Exercise
Look through the records below for the line with "Várárok Apartman Gyula Kültér fotó". Return that line and each one after it up to and including the line with "Feiyutech Scorp Portrait Quick Release Plate", exactly.

Records for processing
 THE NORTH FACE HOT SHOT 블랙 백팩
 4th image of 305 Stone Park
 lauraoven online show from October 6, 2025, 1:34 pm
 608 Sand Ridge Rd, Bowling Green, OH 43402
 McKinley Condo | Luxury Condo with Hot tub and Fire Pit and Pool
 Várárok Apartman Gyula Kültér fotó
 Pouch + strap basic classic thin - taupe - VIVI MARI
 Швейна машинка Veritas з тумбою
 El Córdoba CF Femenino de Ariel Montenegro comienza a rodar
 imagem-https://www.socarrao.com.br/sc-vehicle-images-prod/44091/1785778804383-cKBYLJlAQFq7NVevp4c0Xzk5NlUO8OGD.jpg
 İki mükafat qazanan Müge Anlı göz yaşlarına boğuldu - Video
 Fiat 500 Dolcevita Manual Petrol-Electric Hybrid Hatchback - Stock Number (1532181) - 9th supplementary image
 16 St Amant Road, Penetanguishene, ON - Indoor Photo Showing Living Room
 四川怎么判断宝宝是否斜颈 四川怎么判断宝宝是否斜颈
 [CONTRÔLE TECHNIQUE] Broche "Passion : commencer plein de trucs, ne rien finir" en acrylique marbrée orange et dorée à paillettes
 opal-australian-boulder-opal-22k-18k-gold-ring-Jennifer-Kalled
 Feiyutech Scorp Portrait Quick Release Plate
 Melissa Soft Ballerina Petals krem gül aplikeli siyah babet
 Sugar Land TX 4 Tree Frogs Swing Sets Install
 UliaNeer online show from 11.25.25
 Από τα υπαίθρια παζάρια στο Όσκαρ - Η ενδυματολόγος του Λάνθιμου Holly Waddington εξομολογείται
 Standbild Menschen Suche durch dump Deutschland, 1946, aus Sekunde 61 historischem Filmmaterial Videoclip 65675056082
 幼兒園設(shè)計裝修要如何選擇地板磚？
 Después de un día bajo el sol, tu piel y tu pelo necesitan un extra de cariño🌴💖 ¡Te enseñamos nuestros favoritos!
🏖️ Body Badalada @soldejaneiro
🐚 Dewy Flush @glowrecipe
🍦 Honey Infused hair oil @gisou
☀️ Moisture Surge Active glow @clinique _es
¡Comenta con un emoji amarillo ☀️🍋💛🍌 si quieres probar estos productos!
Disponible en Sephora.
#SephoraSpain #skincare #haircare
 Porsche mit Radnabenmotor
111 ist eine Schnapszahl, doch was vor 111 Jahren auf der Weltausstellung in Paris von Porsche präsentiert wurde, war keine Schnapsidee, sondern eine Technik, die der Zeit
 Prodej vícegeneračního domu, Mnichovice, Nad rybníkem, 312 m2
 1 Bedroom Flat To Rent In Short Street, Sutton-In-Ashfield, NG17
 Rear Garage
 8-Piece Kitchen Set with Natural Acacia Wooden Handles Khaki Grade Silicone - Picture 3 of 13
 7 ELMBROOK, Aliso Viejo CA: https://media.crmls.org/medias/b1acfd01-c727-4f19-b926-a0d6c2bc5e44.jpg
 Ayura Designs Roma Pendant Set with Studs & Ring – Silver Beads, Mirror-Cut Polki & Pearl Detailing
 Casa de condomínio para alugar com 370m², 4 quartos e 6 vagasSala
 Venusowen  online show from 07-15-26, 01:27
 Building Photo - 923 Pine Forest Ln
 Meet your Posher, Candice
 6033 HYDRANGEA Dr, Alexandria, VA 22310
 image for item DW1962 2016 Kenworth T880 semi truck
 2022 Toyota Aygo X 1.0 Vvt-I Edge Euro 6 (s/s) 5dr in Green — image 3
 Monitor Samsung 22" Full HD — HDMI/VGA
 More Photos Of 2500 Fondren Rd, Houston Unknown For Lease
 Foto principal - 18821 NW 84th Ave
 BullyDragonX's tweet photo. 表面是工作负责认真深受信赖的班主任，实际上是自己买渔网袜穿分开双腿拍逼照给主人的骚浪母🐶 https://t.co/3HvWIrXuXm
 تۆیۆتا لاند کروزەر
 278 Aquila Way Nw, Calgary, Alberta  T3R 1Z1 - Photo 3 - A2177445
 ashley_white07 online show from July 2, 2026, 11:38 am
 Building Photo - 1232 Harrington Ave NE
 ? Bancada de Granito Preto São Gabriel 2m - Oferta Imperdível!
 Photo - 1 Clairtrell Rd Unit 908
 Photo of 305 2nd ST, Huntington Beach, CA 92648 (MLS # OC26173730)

Task output
 Várárok Apartman Gyula Kültér fotó
 Pouch + strap basic classic thin - taupe - VIVI MARI
 Швейна машинка Veritas з тумбою
 El Córdoba CF Femenino de Ariel Montenegro comienza a rodar
 imagem-https://www.socarrao.com.br/sc-vehicle-images-prod/44091/1785778804383-cKBYLJlAQFq7NVevp4c0Xzk5NlUO8OGD.jpg
 İki mükafat qazanan Müge Anlı göz yaşlarına boğuldu - Video
 Fiat 500 Dolcevita Manual Petrol-Electric Hybrid Hatchback - Stock Number (1532181) - 9th supplementary image
 16 St Amant Road, Penetanguishene, ON - Indoor Photo Showing Living Room
 四川怎么判断宝宝是否斜颈 四川怎么判断宝宝是否斜颈
 [CONTRÔLE TECHNIQUE] Broche "Passion : commencer plein de trucs, ne rien finir" en acrylique marbrée orange et dorée à paillettes
 opal-australian-boulder-opal-22k-18k-gold-ring-Jennifer-Kalled
 Feiyutech Scorp Portrait Quick Release Plate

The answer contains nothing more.